A due secoli interi da quel tempo favoloso, lo spiritualismo che contro le apparenze acquisitive era l’essenza del messaggio americano si è completamente essiccato, anzi spento. Il Nuovo Mondo non suscita più pensieri adolescenti. Ha ripudiato l’iunnocenza: sarebbe grottesco se qualcuno sul Potomac la vagheggiasse ancora. Ciò che restava dello Spirito Americano è finito come una medusa lasciata sulla sabbia, anzi come una balena spiaggiata. Le genti che amarono la patria di Washington Irving sanno di dover guardare verso altri astri.
L’America straricca e devastata da militarismo e consumismo è talmente senile da non essere più nemmeno idonea al ruolo di Santa Alleanza voluto da George W. Bush. Non riesce più a mandare spedizioni militari che competano coll’efficienza dell’esercito dei Figli di San Luigi: lo mandò il re di Francia a reprimere i patrioti spagnoli che nel 1812 da Cadice avevano additato l’orizzonte delle libertà costituzionali. Troppo senile l’America di Obama per saper capeggiare i reazionari del pianeta. Dovranno cercarsi un altro Metternich.

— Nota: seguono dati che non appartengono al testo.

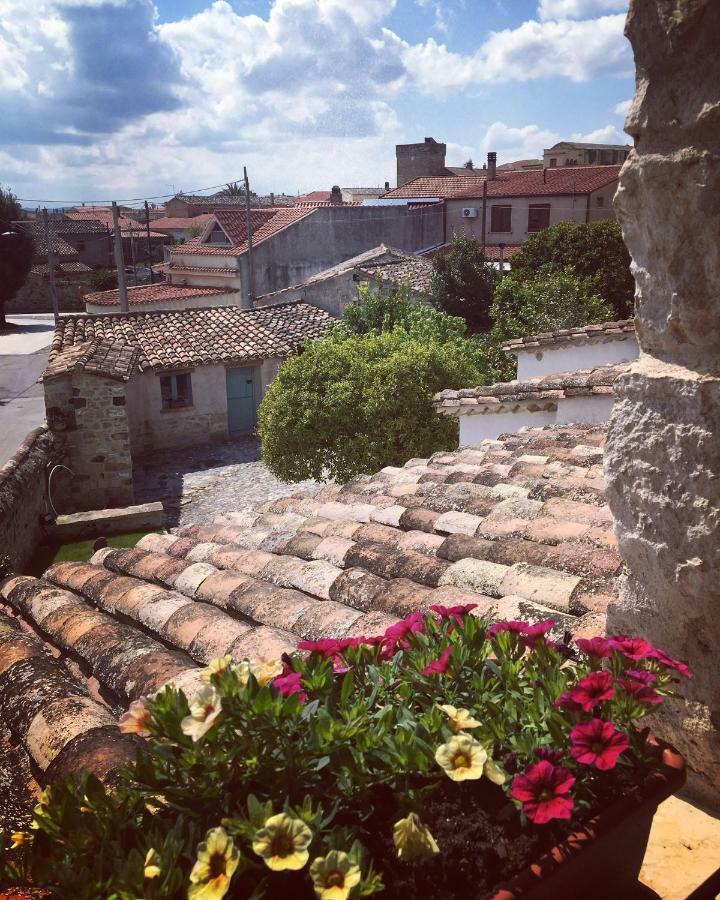 B&B Su Strintu Tuili Kültér fotó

E più gli States generano ricchezza e dilatano a dimensioni di firmamento gli arsenali bellici, più si fanno tutt’uno con la vecchiaia del creato. Più di ogni altra grande civiltà, l’America avrà bisogno di un big bang che ne sconvolga l’anima: come accadde all’Arabia beduina quando Maometto prese a predicare.
L’Islam, l’arcinemico odierno dell’ordine americano, aiuterà di fatto a rigenerare menti e cuori dell’America?